In the Elite Boxing gym on the city's east side. They are fighting to keep kids from going down the wrong path.
“A lot of these kids come from broken homes and broken backgrounds for the most part. I came from a single-parent home. My mom struggled to raise me. I can relate to most of these kids,” said coach Rashad Scott.
“An idle mind is the devil’s playground. A lot of these kids are just hanging out,” said Ephraim Washington Laidley, part-owner of Elite Boxing.
So far this year in Columbus, five kids have been murdered. Seven juveniles are suspects in a murder.
“We create programs and things that fix those versus creating an opportunity to put those in jail. That's the difference.
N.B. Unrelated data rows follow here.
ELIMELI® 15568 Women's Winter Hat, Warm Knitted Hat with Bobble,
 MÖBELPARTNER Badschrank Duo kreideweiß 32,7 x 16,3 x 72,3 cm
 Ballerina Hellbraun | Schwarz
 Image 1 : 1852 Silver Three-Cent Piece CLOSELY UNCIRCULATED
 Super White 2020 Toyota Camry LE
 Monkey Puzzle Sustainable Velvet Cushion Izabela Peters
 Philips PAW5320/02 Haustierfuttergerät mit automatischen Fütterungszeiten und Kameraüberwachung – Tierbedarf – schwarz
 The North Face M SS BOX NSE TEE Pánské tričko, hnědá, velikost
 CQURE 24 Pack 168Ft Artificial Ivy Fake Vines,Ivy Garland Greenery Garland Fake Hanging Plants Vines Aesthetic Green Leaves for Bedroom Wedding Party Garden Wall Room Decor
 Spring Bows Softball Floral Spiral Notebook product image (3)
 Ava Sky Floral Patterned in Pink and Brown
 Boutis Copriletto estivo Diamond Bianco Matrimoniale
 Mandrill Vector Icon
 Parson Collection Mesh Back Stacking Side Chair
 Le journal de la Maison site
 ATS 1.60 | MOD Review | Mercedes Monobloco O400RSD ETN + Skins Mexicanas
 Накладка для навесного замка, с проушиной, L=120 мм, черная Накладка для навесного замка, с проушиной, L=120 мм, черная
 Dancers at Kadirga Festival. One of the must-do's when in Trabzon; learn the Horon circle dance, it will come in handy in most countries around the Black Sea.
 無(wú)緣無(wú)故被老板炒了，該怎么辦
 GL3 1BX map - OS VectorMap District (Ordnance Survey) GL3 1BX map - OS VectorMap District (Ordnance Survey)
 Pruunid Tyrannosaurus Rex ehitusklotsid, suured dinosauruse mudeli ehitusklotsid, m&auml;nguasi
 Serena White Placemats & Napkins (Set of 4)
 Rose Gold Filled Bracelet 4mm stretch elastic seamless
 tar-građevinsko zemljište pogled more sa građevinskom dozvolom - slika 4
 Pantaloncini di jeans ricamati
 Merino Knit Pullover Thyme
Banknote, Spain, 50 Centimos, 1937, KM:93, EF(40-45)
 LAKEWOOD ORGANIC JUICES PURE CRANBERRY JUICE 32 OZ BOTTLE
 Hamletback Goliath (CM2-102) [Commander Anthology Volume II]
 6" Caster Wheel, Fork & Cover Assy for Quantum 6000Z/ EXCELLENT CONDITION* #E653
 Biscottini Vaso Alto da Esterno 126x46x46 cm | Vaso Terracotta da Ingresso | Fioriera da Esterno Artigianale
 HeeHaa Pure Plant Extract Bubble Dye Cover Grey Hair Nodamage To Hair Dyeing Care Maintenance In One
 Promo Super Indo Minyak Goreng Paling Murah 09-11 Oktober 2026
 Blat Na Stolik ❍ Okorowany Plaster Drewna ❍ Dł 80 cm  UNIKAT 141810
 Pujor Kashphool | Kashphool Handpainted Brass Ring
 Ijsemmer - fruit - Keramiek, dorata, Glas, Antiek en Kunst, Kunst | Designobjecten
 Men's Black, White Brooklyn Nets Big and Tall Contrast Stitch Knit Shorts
We prevent the issue from happening further,” Laidley said.
The whole goal here is to keep kids out of trouble and off the streets. One of the boxers here tells me he doesn't know where he would be without this program.,” Laidley said.
“I don't know if I'd be in jail, on the streets, this keeps on the right track,” said student, Aaron Granger.
Granger was one of the first kids to sign up for the program.
“These are my coaches, but I see them more as father figures, all of them,” Granger said.
Granger explains he's learned self-respect and discipline that will carry him forward, outside of the ring.
“Try to get the kids to understand we are creatures of habits. Whatever you habitually do is what you become. If you are working on good habits, that's what you'll become,” Scott said.